Montana-Dakota Utilities Co. has already granted the organization $40,000.
Connie Schorsch, executive director of The Arc of Dickinson, said she doesn’t foresee problems with a disruption of services.
“I think they have their bases covered and we are going to continue to work with them and hopefully everything will go smooth,” Schorsch said.
Anderson said the organization is renting month-to-month from The Arc of Dickinson until its new facility opens.
“We’re a private, non-profit that is separate from The Arc,” Anderson said. “They (The Arc) have been very, very helpful in this transition phase. On their end, there’s not a real sense of urgency.”
Families of clients have been supportive, she added.
Schorsch said it is unclear what will happen to the buildings ABLE now occupies once they move.
“We have not developed any plans yet because we’re waiting to see when that actually happens for ABLE,” Schorsch said.
How it’s funded
Anderson said funding for the organization comes through state and federal dollars. Its upcoming budget is projected to be about $5.8 million, she said, with about 85 percent of the money going to about 140 employees.
“The healthier the state is, the less the federal contribution,” Anderson said. “North Dakota is pretty healthy now, so the federal contribution is less than when I first started. It used to be a 70/30 percent match, 70 percent federal, 30 percent state. We don’t know what the match is now, but I’m pretty sure it’s down in the 60s.”
Funds go to specific purposes, Anderson said.
“Our goal is to find ways to have unrestricted monies because then you can enhance and you can do better things for people,” she said. “But it’s a very, very restricted budget typically.”
Occasionally, Anderson said clients pay for ABLE’s services if they have the resources.
Anderson said the organization hopes to rebuild the group homes to make them more efficient.
No major steps such as a contractor, land purchases or architect selection have been made, she added.
The history of ABLE
In 1980, the Association of Retarded Citizens of North Dakota filed a class action suit against North Dakota, declaring that the state’s method of providing care for people with mental retardation violated their constitutional rights. The trial began in 1982, according to ABLE’s Web site.
In 1984, Judge Bruce Van Sickle’s order was upheld in favor of The Arc of North Dakota, which established constitutional rights and enabled the development of community-based services.

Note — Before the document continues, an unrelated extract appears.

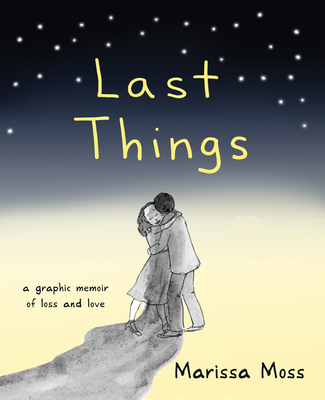 Last Things: A Graphic Memoir of Loss and Love - Moss, Marissa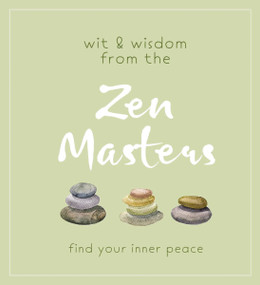 Wit and Wisdom from the Zen Masters (Find Your Inner Peace) by Cider Mill Press, 9781604339949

The Arc of Dickinson and The Arc, Little Missouri, responded to the court order by securing funds to build eight group homes and a day activity building. These were built in Dickinson, Bowman and Hettinger. Program operations were then turned over to a regional board, which was named ABLE, Inc.
ABLE was incorporated in 1984, said Mary Anderson, ABLE executive director.
“We manage the day-to-day operations for supporting people,” she said.
ABLE supports about 100 people through day support, vocational programs, group home and independent living options, health and wellness and social interactions.
The organization leases about six buildings, Anderson said.
“It’s been a nice balance, it seems like if there is any opening then there is someone who needs an opening,” Anderson said. “It’s been a nice comfortable transition over the years.
“People have worried about a waiting list and we have really not found that there is a waiting list.”
ABLE provides support for people with disabilities, ranging from physical to intellectual, Anderson said.
“I think our youngest person is probably 18 and our oldest person, I think she’s 87,” she said.